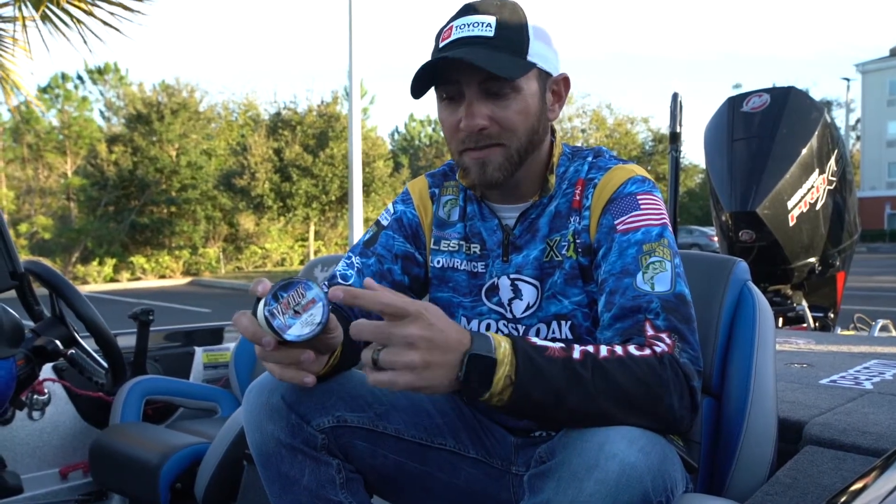Hey everybody, Elite Series Pro, Brandon Lester here. Let's talk about monofilament fishing line. It seems like these days everybody's throwing braid and braid to fluoro and a lot of straight fluoro, but monofilament definitely still has a place in your arsenal.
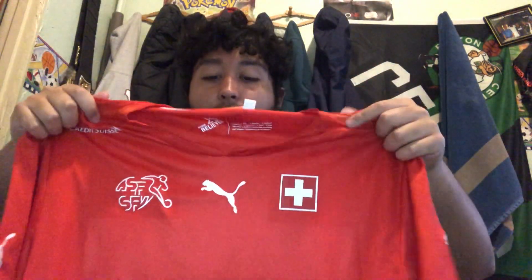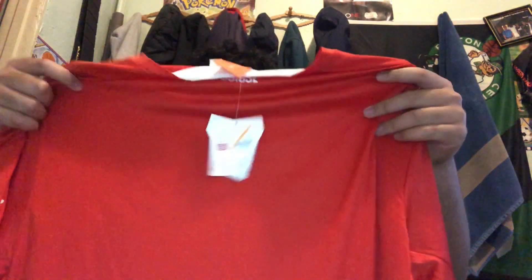Next up, I believe this is from 2014 — it is the Switzerland jersey. It's a Puma jersey. You can see the Puma logo on both sides at the bottom. It has the Swiss flag, the Puma logo in the middle, and the team logo. On the side it has a little sponsor — wow, this is the first international team I've seen with a sponsor on their kit. I did not know that.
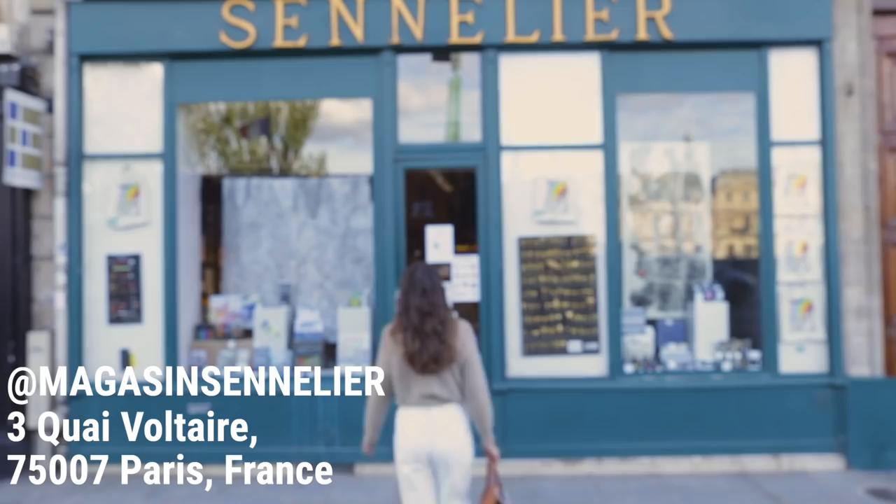Hi guys! Oh my gosh, I cannot believe this is the first tutorial I'm doing for my own brand.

+ + + + +

_TASK REQUIREMENTS:_ Please restate all of the listing above word for word, with no pictures.

_TASK OUTPUT:_
Hey everybody, Elite Series Pro, Brandon Lester here. Let's talk about monofilament fishing line. It seems like these days everybody's throwing braid and braid to fluoro and a lot of straight fluoro, but monofilament definitely still has a place in your arsenal.
Next up, I believe this is from 2014 — it is the Switzerland jersey. It's a Puma jersey. You can see the Puma logo on both sides at the bottom. It has the Swiss flag, the Puma logo in the middle, and the team logo. On the side it has a little sponsor — wow, this is the first international team I've seen with a sponsor on their kit. I did not know that.
Hi guys! Oh my gosh, I cannot believe this is the first tutorial I'm doing for my own brand.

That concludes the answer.